The ultimate brand experience stems from exceptional employee and customer interactions
Brand experience encompasses customers’ thoughts, perceptions and interactions about a company. It includes everything from marketing campaigns to product launches to exchanges with customer service agents. Yet far too often it takes a backseat to customer and employee experience when it is, in fact, just as important.
Why focus on brand experience? Our study, Channeling Happiness: The 2022 State of Consumer Experience Report, found 84% of brand respondents said providing a consistent, high-quality experience at every touchpoint is the most important customer experience component. Further, 70% of consumers surveyed describe customer service (CX) excellence as a strong relationship with the brand that evokes happiness.
Simply put, providing excellent customer and employee experience relates directly to exceptional brand experience. One without the others is impossible.
So what makes for a great brand experience?
Use data to drive the brand experience
Every customer touchpoint is another opportunity for agents to collect actionable data on trends, areas of concerns, growth paths and more. Successful organizations operationalize this data, using it to refine the brand experience. This can include providing more self-help or bot options, identifying common customer complaints/issues, providing proper training for agents to quickly address concerns and even allowing your organization to be more proactive by identifying emerging consumer trends.

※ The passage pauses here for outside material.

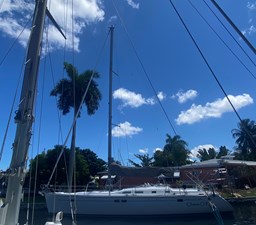 - 3 4_2004 47ft Beneteau 473 sloop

Taking the time to better understand this data will not only lead to strong CX but will reinforce how your brand is dedicated to growing and evolving with its customer base, further building their loyalty.

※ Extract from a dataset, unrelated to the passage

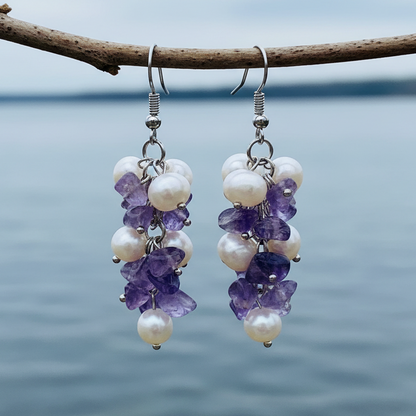 Lange zoetwater parel oorbellen met witte parels en paarse edelsteen amethist hangend aan takje | Pearl Amethyst Chip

Embrace advocates…and detractors
Organizations love receiving 5-star reviews as they realize the importance loyal brand advocates can provide through net promoter score (NPS) surveys, social influences and more. But what about the detractors? That is, those with negative or 1- or 2-star reviews?
While it’s easy to cast them aside as anomalies or “just part of business,” instead, take the time to embrace the detractors to better understand their experiences and how their input can be used to strengthen your brand.
Specifically, gain insights on what led to the negative experience. Was it working with customer service? Long hold or wait times? A shipping or delivery issue? The inability to transfer from an impersonal bot to an empathetic human agent? By uncovering the source of a detractor’s irritations, you can better determine why the frustration occurred and potentially take corrective action to ensure it does not happen to others.
Likewise, by showing your detractors that you take their feedback seriously, you may be more inclined to regain their business and possibly even convert them into advocates.
Create a brand culture that connects with customers
To customers, each brand has characteristics that define them. Take Amazon, for example, and the work it has done around hassle-free returns. If items arrive late, damaged or just aren’t needed anymore, shoppers know easy returns and/or replacements are just a few clicks away. No restocking fees to worry about and, oftentimes, no labels to even print. A simple barcode on a smartphone is all that’s needed.
As you review customer data and improve services to turn detractors into advocates, identify what key brand components you want to make known to customers. That is, what are the characteristics you want customers to think of when it comes to your brand? Once identified, weave these characteristics into everyday interactions to create this brand association and, ultimately, strengthen customer relationships.
Don’t overlook brand in the Happiness Trifecta
Your brand is often the umbrella that represents your people, processes and products/services, and thus should not be overlooked. By reinforcing your brand through better use of data, listening to detractors and creating a consultative support center, you’ll continue to show customers you place their needs first.